Cette conception refusait de voir la puissance des déterminations matérielles qui étaient à la base de la victoire de la contre-révolution; elle refusait de voir la profondeur de cette contre-révolution. Pour elle, au contraire, il suffisait d’une tactique habile, de manœuvres audacieuses, d’un activisme débridé pour renverser le cours de la situation, être reconnu par la classe ouvrière comme la véritable direction révolutionnaire en lieu et place des usurpateurs staliniens, et assurer la victoire révolutionnaire. Et comme le temps pressait et que la classe tardait à ouvrir les yeux, Trotsky ordonnait à ses partisans les virages tactiques les plus abrupts et les plus soudains, les manœuvres les plus critiquables, désarçonnant à chaque fois une partie d’entre eux, tout en éduquant une autre catégorie dans l’idée que la recherche par n’importe quel moyen du succès immédiat prime sur la fidélité aux principes et au programme communistes.
Notre parti, fondé en 1952 sur des bases programmatiques homogènes, réaffirmées par le travail de restauration de la doctrine marxiste et par le bilan de la contre-révolution – travail qu’aucun autre groupe politique, pas même Trotsky, n’avait eu la force, la possibilité ou la capacité d’accomplir –, était balayé d’une phrase brutale articulée autour d’un concept : la « crise de direction » – dont souffrirait le prolétariat mondial à cause… d’un parti qui n’existe pas.
Comment un texte de ce genre a-t-il pu être publié dans le journal du parti, habituellement contrôlé par le Centre ?
Il serait ridicule de répondre qu’il s’agit d’une « erreur ». Les contradictions que la lutte politique fait émerger dans toutes les situations se forment au cours des luttes politiques précédentes et dans l’effort non seulement de clarifier toujours mieux la ligne politique à suivre dans chaque situation, mais aussi de la mettre en œuvre dans des situations qui évoluent en raison de rapports de force changeants. Les expériences mêmes que les militants apportent avec eux lorsqu’ils rejoignent le parti et y adhèrent ne sont pas seulement conceptuelles et idéales, mais aussi pratiques et concrètes ; elles constituent un poids, un « précédent », souvent caché, qu’il n’est pas toujours possible de contrôler ou de surmonter.
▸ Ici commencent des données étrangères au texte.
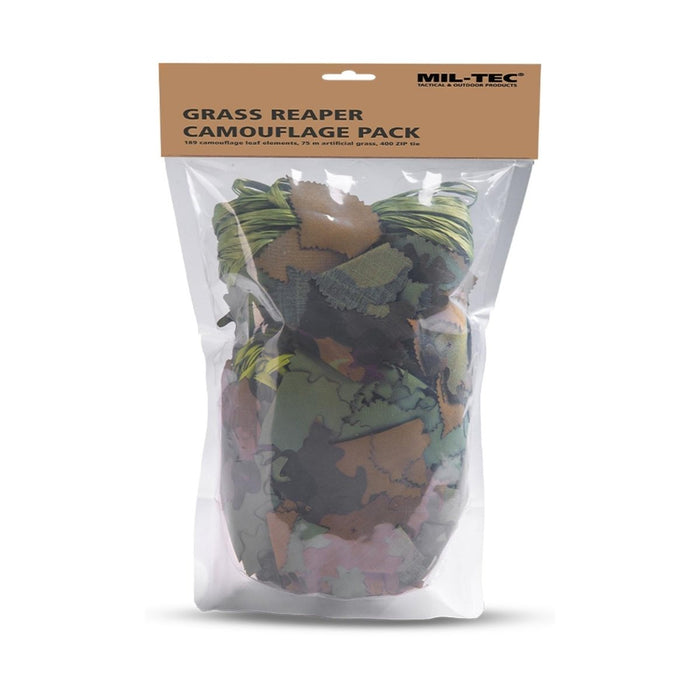 MIL - TEC Grass Reaper Camouflage Pack Ghillie 189 Blattelemente - GoMilitar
Ce sont ces contradictions qui ont joué en faveur des orientations erronées adoptées par les camarades qui ont rédigé et imprimé le n° 57 de Programme communiste, et qui, en 1974, ont publié (en profitant notamment de l’absence temporaire des camarades du Centre) ces articles en reprenant les écrits de Trotsky de 1934 et de 1940, qu’ils ont pris comme points de référence pour un « Parti communiste mondial » dont ils entendaient se présenter comme l’une des « composantes » d’un parti encore à constituer !
Bien loin de pouvoir avancer dans cette perspective les partisans de cette conception, après avoir quitté le parti, sont revenus à leurs anciennes positions trotskistes, avant de se perdre fatalement , les uns dans la vie privée, les autres dans l’adaptation au cirque démocratique parlementaire par le biais de Rifondazione Comunista.